Updated June 5, 2024 - 2:37 pm

Michael Kipness, aka “The Wizard,” has been a professional horse racing handicapper since 1986.

Here is his analysis on the 10-horse field for Saturday’s 156th Belmont Stakes, including whether each horse is a contender or a pretender to win the final leg of the Triple Crown.

Visit wizardraceandsports.com for his full card selections and wagering strategies for all four days (Thursday through Sunday) of the Belmont Stakes Racing Festival at Saratoga Race Course.

Note: The race will be shortened from the traditional 1½ miles at Belmont Park to 1¼ miles at Saratoga.

Post position, horse, jockey, morning-line odds:

1. Seize the Grey, Torres, 8-1

His 2,570 owners had a May to remember, scoring back-to-back wins in the Pat Day Mile and the Preakness. He will be on or near the lead from the start, but the distance, quick fractions and increased pressure will take their toll on him late. Pretender.

2. Resilience, Alvarado, 10-1

He ran a respectable sixth in the Kentucky Derby breaking from post 18. He made a strong wide-middle move to challenge for the lead approaching the stretch but faded slowly. His best chance to win a race like this would be going shorter, but he’s improving. I wouldn’t be surprised if he landed a piece with a perfect ride and trip. Contender.

3. Mystik Dan, Hernandez, 5-1

He’s been the star of the Triple Crown so far with wins in the Derby and a big second in the Preakness, getting perfect rides and trips from jockey Brian Hernandez. Trainer Ken McPeek would not run him in the Belmont if he wasn’t 100 percent. He’s tactical, handles the distance and has proven to be genuine. Contender.

4. The Wine Steward, Franco, 15-1

He has three wins and three seconds in six starts, but all his races have come against weaker fields and shorter distances. He will be forwardly placed from the start, but figures to falter in the stretch. Pretender.

5. Antiquarian, Velazquez, 12-1

He has shown steady improvement in all four starts as a 3-year-old, capped off by a determined win in a weak renewal of the Peter Pan Stakes. He will be forwardly placed from the start, but his lack of seasoning and the added distance will likely take its toll on him late. I don’t envision him winning, but he can land a piece at a price. Pretender.

6. Dornoch, Saez, 15-1

This speedster’s fate was sealed when he drew post 1 in the Derby. He quickly shuffled back to 13th in the early going and never got involved from there. This smaller field and a better start will likely put him on the lead. He’s overmatched and wants no part of 1¼ miles. Pretender.

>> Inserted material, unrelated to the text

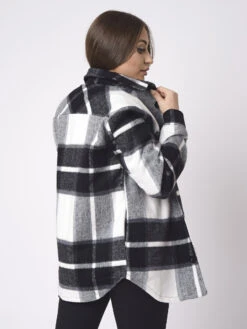 Surchemise Unisexe à Motif Carreaux Noir Et Blanc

7. Protective, Gaffalione, 20-1

This colt has yet to win a race in four starts, even though he’s put together back-to-back third-place finishes in a pair of weak-graded stakes this spring. He has too much to overcome. Pretender.

8. Honor Marie, Geroux, 12-1

He experienced a ton of trouble soon after the start of the Derby and ran respectable to finish eighth. He had shown steady improvement and a strong late kick in his prior starts. He needs a lot to go his way to win the Belmont, but of the long shots in this field, it wouldn’t be a shock if he made his presence felt at the finish. Contender.

9. Sierra Leone, Prat, 9-5

The deserving favorite has never run a bad race in five starts, scoring three times. He’s been his own worst enemy with his two defeats coming by a nose, including last time out in the Derby. This late-running, well-bred colt tends to lug in late, which has cost him dearly. Trainer Chad Brown has switched the type of bit Sierra Leone will be running with to help his rider have more control of him during the running, especially late in the race. It appears to have helped. Brown has switched riders to Flavien Prat, who fits Sierra Leone’s running style well. He will be tough to deny if he brings his “A” game to the Belmont. Contender.

10. Mindframe, I. Ortiz, 7-2

He’s by far the least experienced 3-year-old in the field, but both his starts have been blowout wins. He rated kindly in his debut and went wire-to-wire last time out. This will be his first stakes trying to stretch way out in distance against much tougher competition. He will be in a perfect striking position from the start, with every chance to make his presence felt late. Trainer Todd Pletcher has won the Belmont four times. Contender.